By: Chief David A. Paprota, Ed.D.
The Internet and the use of social media have created a whole new social dynamic for today’s teens that differs tremendously from the social environment that their parents experienced as teens. The concept of social exchange and interaction is no longer dependent upon physical proximity or an individual telephone call, but is instead a 24-hour-a-day, seven-day-a-week constant reality. Teens are deeply invested in the use of social media, and as such, they experience the constant pressures of peer influence and often times peer criticism that may have a profound impact on their self-esteem as well as their behavior(s). The pressure teens face today due to ever present and unregulated social media postings and exchanges needs to be considered and better understood by parents.
Parents should be well versed in the types of social media applications their teens are utilizing. The thought of parents having access to a teen’s social media accounts is often met with the concern regarding “trust” and “respecting the teen’s privacy.” These are legitimate concerns, as teens will be the first to passionately raise the issue when parents ask for access. The reality is that the Internet and the use of social media literally bring the ills of the entire world directly into the hands of teenagers. Every conceivable negative influence is readily available via the Internet and is regularly posted by others via social media.
The thought of a 15-year-old boy walking out of his parents’ home stating that he is going alone to the city to “hang” for a few days without any further contact or involvement of the parents, would be met with an appropriate response that such an undertaking would be ridiculous and not acceptable. This seems obvious, yet most parents allow the unfettered and unmonitored use of social media which brings the ills of society directly into the hands of teens. Parental monitoring and guidance is an expected and necessary part of a teen’s healthy psycho-social development and safety. Unfortunately, when parental oversight and monitoring relates to the Internet and social media, there is often an immediate mention of a perceived lack of trust and privacy. The analogy of releasing the teen alone for days in the city is not a far stretch, as the use of social media among teens may involve every conceivable concern a parent can have when dealing with the most troubling aspects of our society.

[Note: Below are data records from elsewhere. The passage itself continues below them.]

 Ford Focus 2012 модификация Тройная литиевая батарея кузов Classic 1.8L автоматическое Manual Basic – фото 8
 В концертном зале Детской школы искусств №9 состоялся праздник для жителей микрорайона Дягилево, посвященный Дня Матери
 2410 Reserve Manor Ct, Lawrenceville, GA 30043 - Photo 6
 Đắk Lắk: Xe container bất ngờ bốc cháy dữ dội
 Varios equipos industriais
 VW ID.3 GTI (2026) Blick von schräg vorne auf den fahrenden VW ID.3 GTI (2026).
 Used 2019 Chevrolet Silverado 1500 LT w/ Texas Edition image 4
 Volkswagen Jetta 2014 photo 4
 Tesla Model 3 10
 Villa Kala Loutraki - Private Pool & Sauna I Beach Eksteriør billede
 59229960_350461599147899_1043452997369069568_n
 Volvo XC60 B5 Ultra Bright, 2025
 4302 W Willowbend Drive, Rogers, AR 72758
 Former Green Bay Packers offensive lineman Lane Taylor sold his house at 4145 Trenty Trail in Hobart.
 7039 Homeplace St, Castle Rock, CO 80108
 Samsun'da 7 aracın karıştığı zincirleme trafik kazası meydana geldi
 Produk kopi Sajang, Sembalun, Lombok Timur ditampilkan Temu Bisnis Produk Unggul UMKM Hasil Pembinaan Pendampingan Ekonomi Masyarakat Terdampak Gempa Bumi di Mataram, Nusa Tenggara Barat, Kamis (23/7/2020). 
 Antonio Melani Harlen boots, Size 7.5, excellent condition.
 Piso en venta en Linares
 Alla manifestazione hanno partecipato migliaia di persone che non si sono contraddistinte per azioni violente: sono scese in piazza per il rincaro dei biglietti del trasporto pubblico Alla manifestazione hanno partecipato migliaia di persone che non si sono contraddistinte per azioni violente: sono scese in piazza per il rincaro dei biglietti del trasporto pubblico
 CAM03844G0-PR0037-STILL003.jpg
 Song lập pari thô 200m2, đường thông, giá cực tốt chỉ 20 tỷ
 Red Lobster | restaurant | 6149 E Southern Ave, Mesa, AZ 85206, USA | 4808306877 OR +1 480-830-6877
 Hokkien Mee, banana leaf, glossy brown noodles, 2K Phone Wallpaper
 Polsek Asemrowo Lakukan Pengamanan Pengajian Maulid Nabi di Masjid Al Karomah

Videos, photos, links to websites, and comments are regularly circulated via social media not only depicting illegal conduct, but even providing instruction on how to engage in the criminal conduct. For example, teens are barraged with images of their schoolmates engaging in the underage consumption of alcohol and the use of illegal drugs as a common interaction on social media outlets such as Snapchat and Instagram. Snapchat allows the user to send out photos and videos (up to 10 seconds in length) that self-delete once opened and viewed by the receiver(s). The sender can set the image to briefly flash and delete in as little as 1 second. Teens are very creative and bold in sending these images which often depict nudity, drug use, etc. While they believe the images delete and are no longer available, the reality is that the troubling images are easily captured using various applications, such as Snapcapture, Snapsave, and Snaphack. Nothing sent via the Internet or through a cellular phone should ever be considered permanently deleted.
Each of the social media applications require the use of a valid email address to initiate and maintain an account and rely on a User ID and password to access. The most popular social media applications currently used by teens today are Instagram, Twitter, Snapchat, and Vine, while Facebook has largely fallen out of favor with teens, since it is dominated by adults. While teens commonly maintain a Facebook account, they utilize the other outlets for peer interaction. In addition to social media applications, the use of YouTube is very common both to research questionable behaviors and to post videos of questionable behaviors. Parents will often demand to know who taught their teen about illegal drugs, when in fact the teen learned all they needed to no through very detailed YouTube videos that the teen researched and observed via the Internet while within their own homes. Literally, everything is available via the Internet and tends to make its way to teens through social media, so parents should work to stay informed as to what is influencing their teens.